Arguably one of the things Python does best is strings. It is capable of processing large strings en masse and doing operations on them. 

Today we will analyze a list of *puzzle words* that was compiled as part of the Moby lexicon project. This will also be our first example of Python working with files from our computer.

For this week we will use the url for the txt file in github. You can do this with files in Google Drive, One Drive, Dropbox, or any resources that lets you host files online and share them via a url.  Even a website would work.



## Google Colab

You need to use a module in order to read the file from a URL or use a module in order to read it from your Google Drive account. I like reading it from a URL because this means anyone with the .ipynb file can run the code and get the file. This method will work in Jupyter as well. Just choose the option you want and run that, and comment out the other one.

In [7]:
## Commenting this out - you would want to uncomment it if you are using Google Colab

from urllib.request import urlopen
words_file = urlopen('https://github.com/virgilpierce/CS_120/raw/main/CROSSWD.TXT')
# Github is public facing so I just add the link to the file I get by right clicking on the "Download" button for the file in Github and choosing copy url.

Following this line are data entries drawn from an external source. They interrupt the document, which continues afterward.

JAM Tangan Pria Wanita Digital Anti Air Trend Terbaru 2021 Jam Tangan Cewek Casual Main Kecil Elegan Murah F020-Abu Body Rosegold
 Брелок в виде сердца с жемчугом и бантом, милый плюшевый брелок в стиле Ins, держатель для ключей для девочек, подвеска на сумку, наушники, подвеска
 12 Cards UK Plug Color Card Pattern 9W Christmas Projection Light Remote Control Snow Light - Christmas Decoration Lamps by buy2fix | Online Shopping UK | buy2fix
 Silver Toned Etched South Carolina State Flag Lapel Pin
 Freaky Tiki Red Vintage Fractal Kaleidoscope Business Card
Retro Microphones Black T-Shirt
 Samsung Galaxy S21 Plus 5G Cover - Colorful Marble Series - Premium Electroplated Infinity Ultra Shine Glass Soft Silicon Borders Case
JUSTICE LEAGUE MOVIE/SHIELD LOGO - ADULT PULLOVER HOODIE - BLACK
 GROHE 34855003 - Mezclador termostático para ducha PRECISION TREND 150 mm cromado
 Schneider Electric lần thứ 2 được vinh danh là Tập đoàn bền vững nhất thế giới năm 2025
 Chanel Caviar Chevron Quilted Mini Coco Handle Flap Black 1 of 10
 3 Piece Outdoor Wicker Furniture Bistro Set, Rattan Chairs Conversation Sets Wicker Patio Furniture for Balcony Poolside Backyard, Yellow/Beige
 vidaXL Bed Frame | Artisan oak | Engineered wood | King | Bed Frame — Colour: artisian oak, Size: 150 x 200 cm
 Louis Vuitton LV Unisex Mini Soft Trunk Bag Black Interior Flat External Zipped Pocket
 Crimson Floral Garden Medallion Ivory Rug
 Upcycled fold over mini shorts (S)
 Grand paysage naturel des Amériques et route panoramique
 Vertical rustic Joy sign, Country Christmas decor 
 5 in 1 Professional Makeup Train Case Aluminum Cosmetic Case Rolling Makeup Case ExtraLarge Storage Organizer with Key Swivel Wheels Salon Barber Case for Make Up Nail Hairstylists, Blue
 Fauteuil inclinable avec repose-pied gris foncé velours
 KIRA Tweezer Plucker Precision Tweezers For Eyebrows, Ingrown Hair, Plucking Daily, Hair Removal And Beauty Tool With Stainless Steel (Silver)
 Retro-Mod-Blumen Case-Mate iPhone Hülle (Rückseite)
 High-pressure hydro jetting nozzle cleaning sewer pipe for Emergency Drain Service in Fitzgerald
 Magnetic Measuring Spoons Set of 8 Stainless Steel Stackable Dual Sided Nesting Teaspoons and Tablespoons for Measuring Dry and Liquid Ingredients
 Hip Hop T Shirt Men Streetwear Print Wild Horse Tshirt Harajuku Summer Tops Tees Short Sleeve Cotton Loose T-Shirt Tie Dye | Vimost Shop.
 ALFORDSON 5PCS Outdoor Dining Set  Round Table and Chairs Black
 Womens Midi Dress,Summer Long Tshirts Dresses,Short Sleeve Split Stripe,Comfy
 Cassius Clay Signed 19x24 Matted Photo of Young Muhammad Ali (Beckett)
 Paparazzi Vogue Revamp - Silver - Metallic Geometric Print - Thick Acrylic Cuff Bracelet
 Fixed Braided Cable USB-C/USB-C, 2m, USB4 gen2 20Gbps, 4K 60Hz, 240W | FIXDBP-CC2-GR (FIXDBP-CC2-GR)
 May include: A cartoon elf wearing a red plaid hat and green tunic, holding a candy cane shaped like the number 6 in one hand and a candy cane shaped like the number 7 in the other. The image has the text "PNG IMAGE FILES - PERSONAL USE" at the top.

# If you get an error in Jupyter you either need to access the file using the cell above; or you need to install 
# the urllib module by using a Terminal and typing: pip install urllib

# Note that the urlopen does behave a little strangely. It is not loading the file all at once and instead queries the server line by line for it
# this will with a slow internet connection make this method slower than the open() above.


In [None]:
type(words_file)
# The type indicates that it is an Input/Output stream

In [None]:
[x for x in dir(words_file) if '_' != x[0]]
# Let's check what methods we have

In [None]:
help(words_file.readline)
# we can get information about a method

In [None]:
words_file.readline()
# each time we execute .readline() it reads the next line in the file as a string. Try it.

### Byte-Strings

The string you just got probably has a *b* in front of it. This is how Python designates
a type called a byte-string. Byte strings are how computers encode characters beyond the standard alphabet we are using, and because the internet is international
sites like Github have to deliver their content in byte-strings rather than regular strings.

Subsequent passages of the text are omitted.